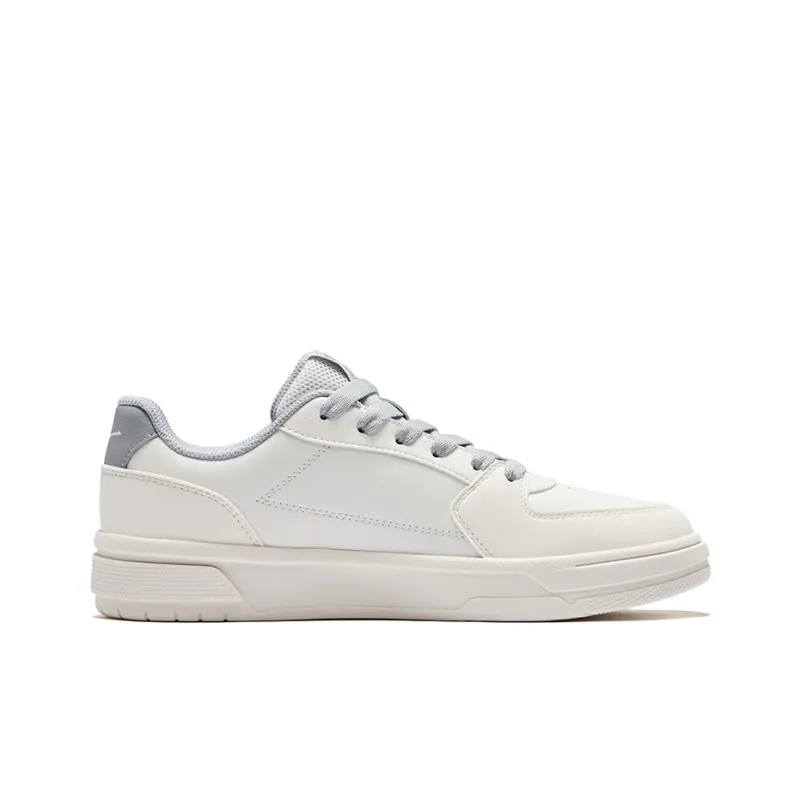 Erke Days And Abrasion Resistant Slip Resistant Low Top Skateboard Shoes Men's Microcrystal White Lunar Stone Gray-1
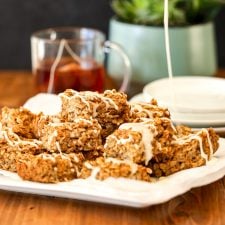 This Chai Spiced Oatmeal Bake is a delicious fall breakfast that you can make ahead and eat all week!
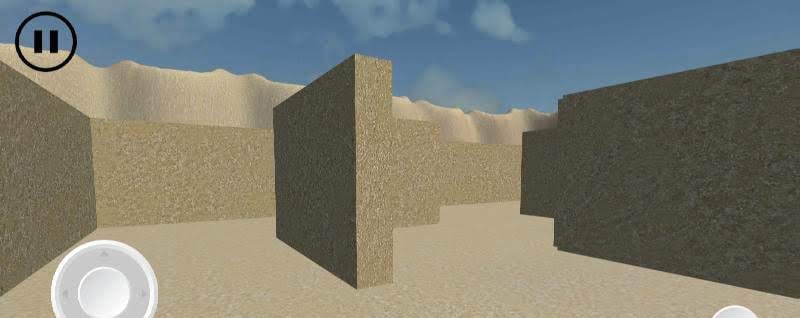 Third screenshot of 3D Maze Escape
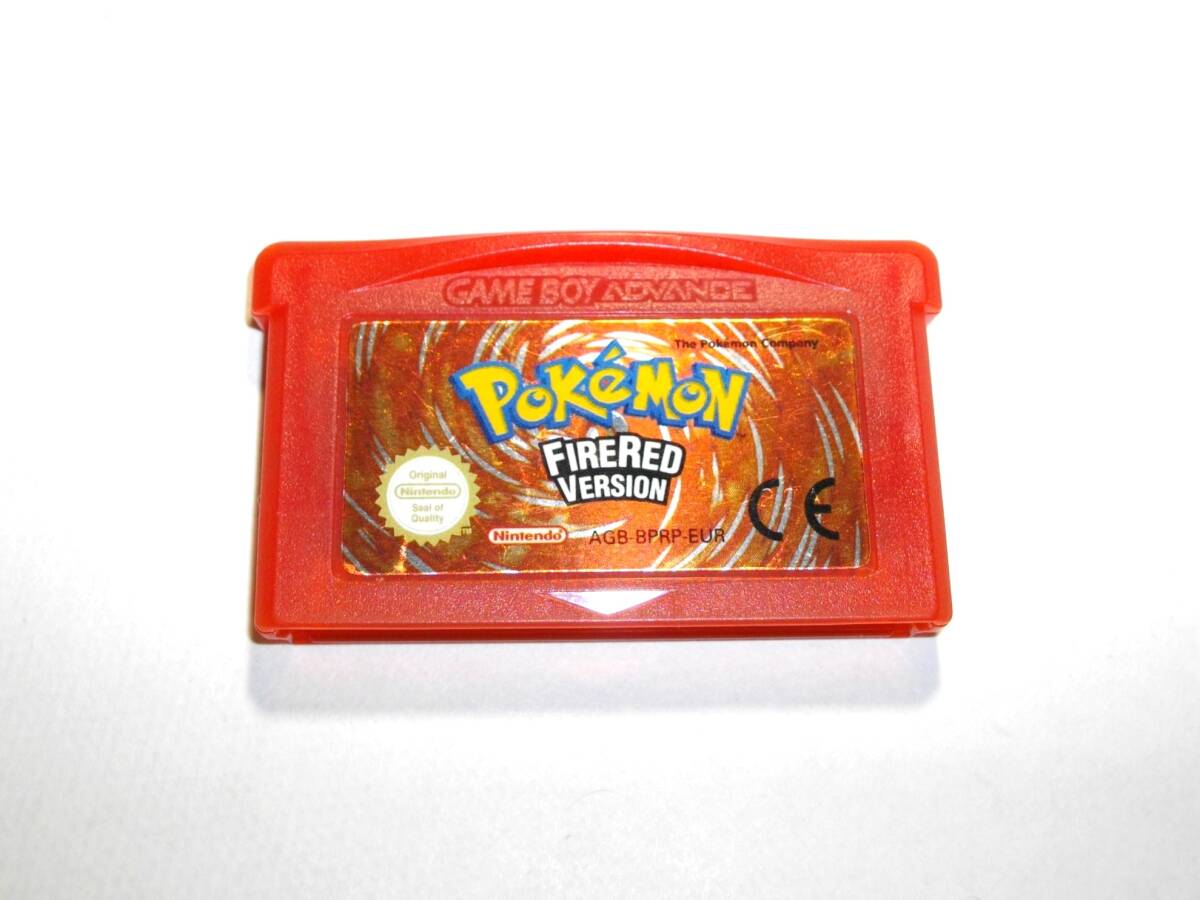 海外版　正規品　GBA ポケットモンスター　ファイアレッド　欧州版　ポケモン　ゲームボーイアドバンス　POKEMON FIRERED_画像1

(Task prompt): Excluding images, output exactly the lines from the one that holds "This Chai Spiced" through the final line of the material, both ends included.

(Answer section):
 This Chai Spiced Oatmeal Bake is a delicious fall breakfast that you can make ahead and eat all week!
 Third screenshot of 3D Maze Escape
 海外版　正規品　GBA ポケットモンスター　ファイアレッド　欧州版　ポケモン　ゲームボーイアドバンス　POKEMON FIRERED_画像1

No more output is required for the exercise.